Department of Immuno-Oncology, Kawasaki Medical School, Japan.
Intern Med. 2020 Jan 15;59(2):257-260. doi: 10.2169/internalmedicine.3031-19. Epub 2019 Sep 26.
A 46-year-old Japanese man was admitted to our hospital with a 1-year history of dyspnea and persistent right-dominant bilateral pleural effusions.
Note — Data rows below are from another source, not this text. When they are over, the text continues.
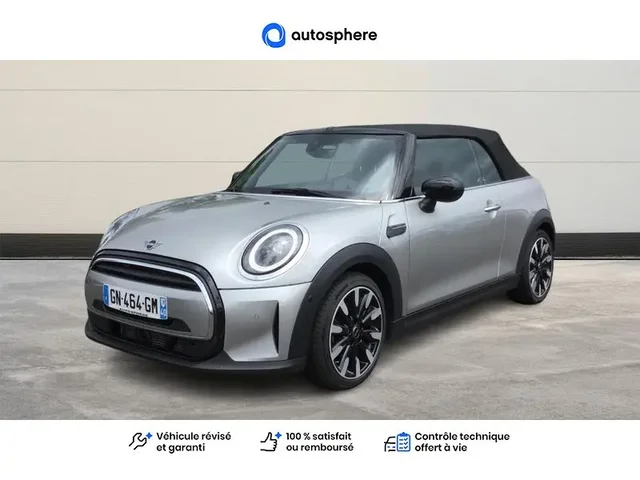 Occasion Mini Cabrio à BAYONNE chez BMW BAYONNE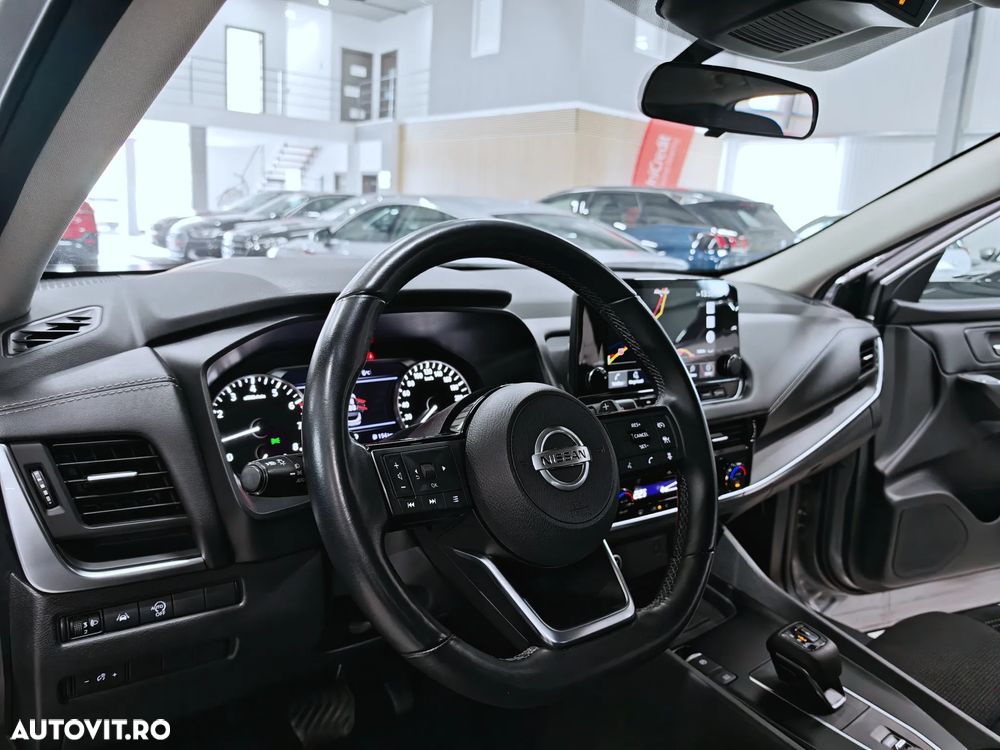 Nissan Qashqai 1.3 l MHEV X-Tronic Acenta - 7
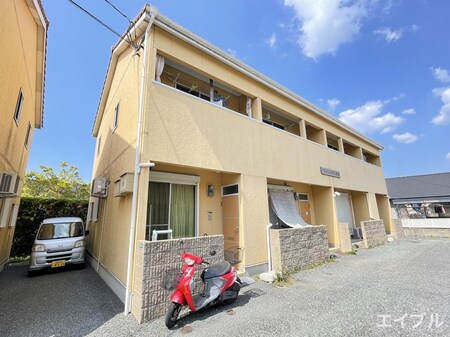 グランメゾン大佐野六番館外観写真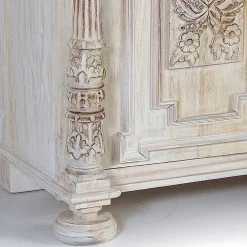 Wohnen Hohe Kommode im orientalischen Stil - Cionga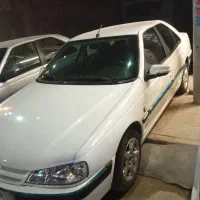 پارس tu7 سیمی|خودرو سواری و وانت|برخوار, |دیوار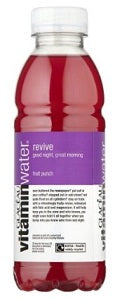 Glaceau Vitamin Water Fruit Punch 500 ml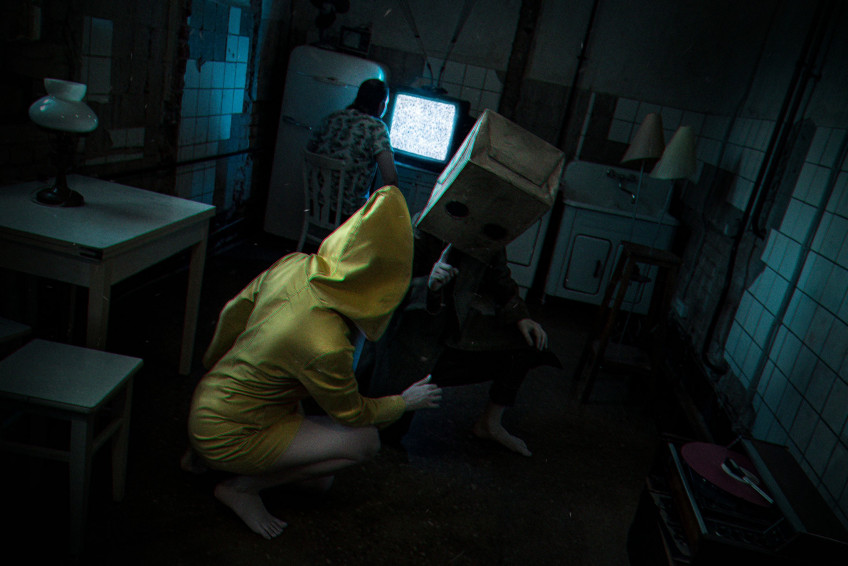 Косплей недели: Dota 2, «Зельда», WoW, «Ведьмак», Little Nightmares Косплей недели: Dota 2, «Зельда», WoW, «Ведьмак», Little Nightmares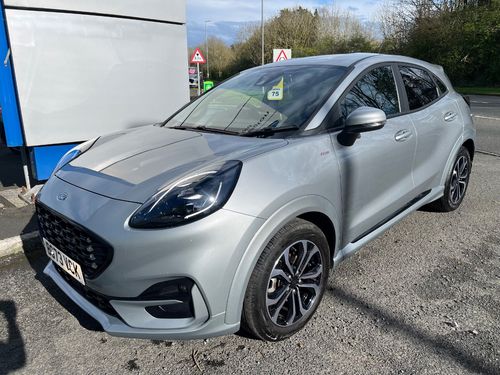 Ford Puma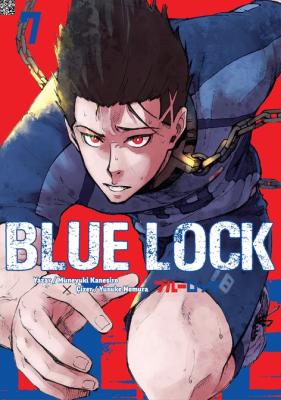 Blue Lock Cilt 7 Muneyuki Kaneşiro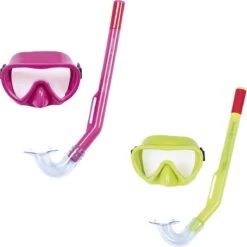 Bestway Snorkelset Essential Lil' Glider | Groen -Winkel voor professionele sportartikelen 1200x1200 127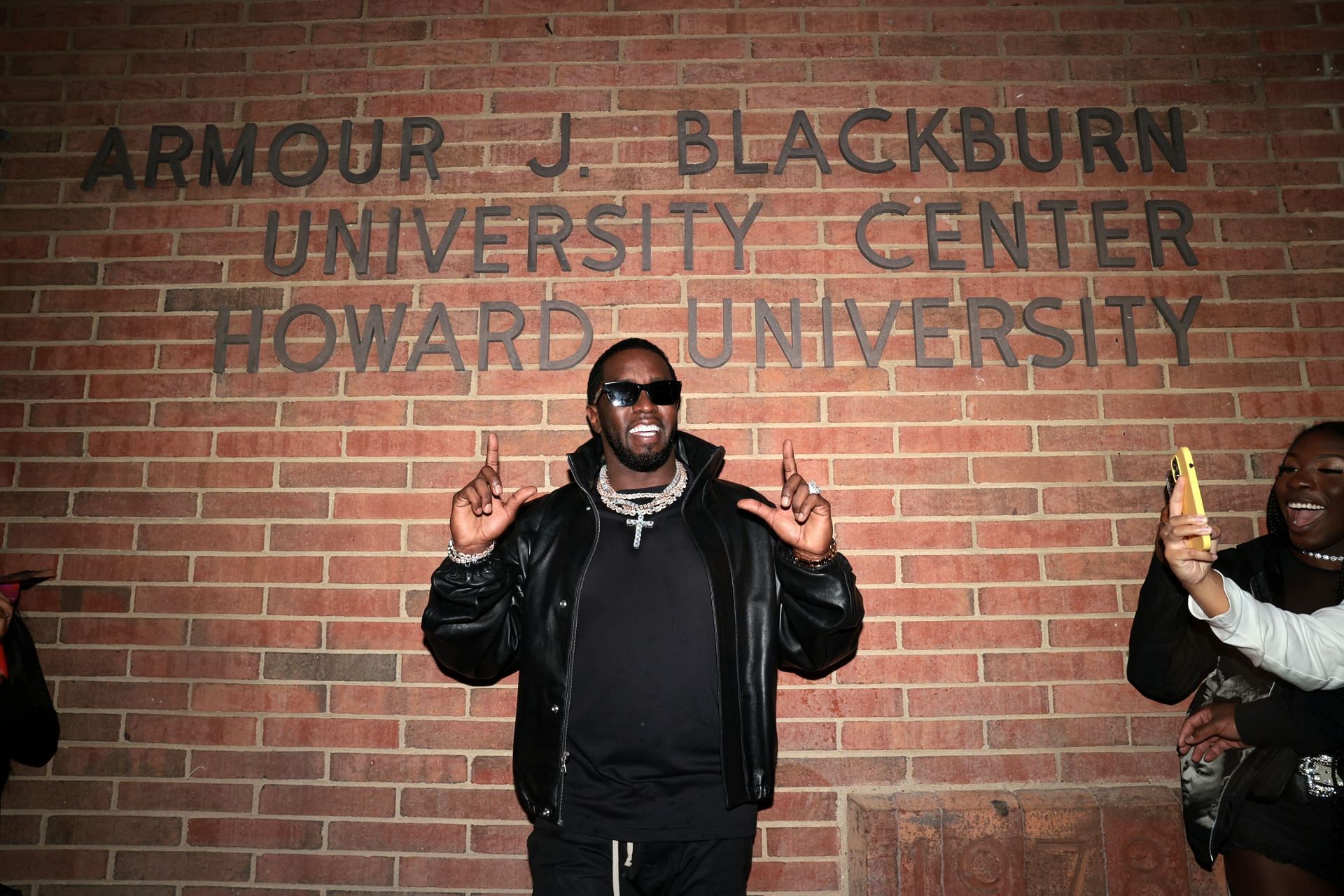 Sean &quot;Diddy&quot; Combs Fulfills $1 Million Pledge To Howard University At Howard Homecoming &ndash; Yardfest - Source: Getty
Chest and abdominal computed tomography (CT) revealed no notable findings apart from the bilateral pleural effusions. 2-deoxy-2-[F]-fluoro-D-glucose (FDG) positron emission tomography-CT showed no accumulation of FDG in the thorax and abdomen. Thoracoscopy revealed numerous small (approximately 2-3 mm in size), blister-like nodules on the left parietal pleura extending from the lower third of the chest wall to the diaphragm. A pathological examination revealed lymphocyte and plasma cell infiltrates with increasing numbers of IgG4-positive plasma cells in the fibrotic pleura, indicating IgG4-related pleuritis.
一名46岁的日本男性因呼吸困难病史1年且持续性右侧优势双侧胸腔积液入住我院。胸部和腹部计算机断层扫描(CT)除双侧胸腔积液外未发现明显异常。2-脱氧-2-[F]-氟-D-葡萄糖(FDG)正电子发射断层扫描-CT显示胸部和腹部无FDG聚集。胸腔镜检查发现左壁层胸膜有许多小的(大小约2-3毫米)水泡样结节,从胸壁下三分之一延伸至膈肌。病理检查显示纤维化胸膜中有淋巴细胞和浆细胞浸润,IgG4阳性浆细胞数量增加,提示IgG4相关性胸膜炎。